In December, MrAwesome’s handsome, strong, funny and wonderful son was diagnosed with Acute Lymphoblastic Leukemia. Since then, he and MrsAwesome have spent their time, energy, creativity and passion in helping their little boy get better. They have been amazing caregivers, and inspirations to everyone that they know.
When CrabbyCancerMan was first in the hospital, we were just beginning to figure out the tremendous depth of the suckiness that is cancer. One of the things that is so awful about it is that it is totally overwhelming, and every decision feels extremely important.
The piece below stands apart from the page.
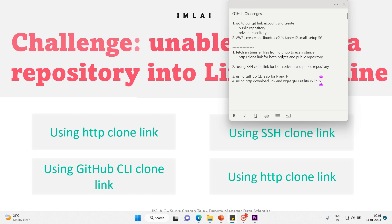Let's execute the first step. I'll go to my GitHub account and create a public repository, integrate with our local repository, and push all the files. Similarly, a private repository will be done. I want to simulate a real-world case: a developer pushes code from his local machine into the remote repository, and then the ops team collects the source code from GitHub and takes it to the respective Linux server to deploy the application.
The thought might cross your mind: “If we get this one wrong, he might die.” It gets to be so stressful that you find yourself having fights about what kind of pillows should be used on the bed, or how many blankets are necessary, or whether it is okay to use deodorant (for future reference: latex, three, and yes, but avoid any that dry you out).
While CrabbyCancerMan was still in the hospital, MrAwesome called me. His sympathetic words of “Wow, this really sucks, I am so sorry, you need chocolate” were very kind, but at that moment, they were echoing around in my head as I was trying to figure out what on earth we were going to do. But then, he gave me the advice I needed right then: don’t forget to eat, call your insurance company in the morning to tell them what is going on, and take notes. His practical advice anchored me. Until that moment, I had been trapped in what I was feeling, which mostly was helplessness (which to me, is the equivalent of Hell) for not being able to ease CrabbyCancerMan’s pain, and uncertainty for what was coming next. MrAwesome’s practical tips for getting me through the next 24 hours brought me back to reality and able to face what was around us.
In those first two weeks, MrAwesome continued to call and check in, and sharing what he had learned, and , earning his moniker of MrMentor. He talked me through the finances of cancer, and how to deal with the insurance company. He helped me figure out what to say to our families, our friends, our communities. He coached me through what was in store for the coming few weeks. But most importantly, he didn’t tell me what was right or wrong, he just helped me figure out what was right for our family.
We were lucky to have several friends to talk us through what to do (and you’ll hear more about them in later posts, I’m sure). But somehow, shifting MrAwesome’s identity to MrMentor made the difference in my confidence as a caregiver. That very specific mentor-mentee relationship feels like a safety-net as we take our first trapeze leap.
And maybe that’s part of what this blog is for me – a chance to give the benefit of my experience if someone needs it.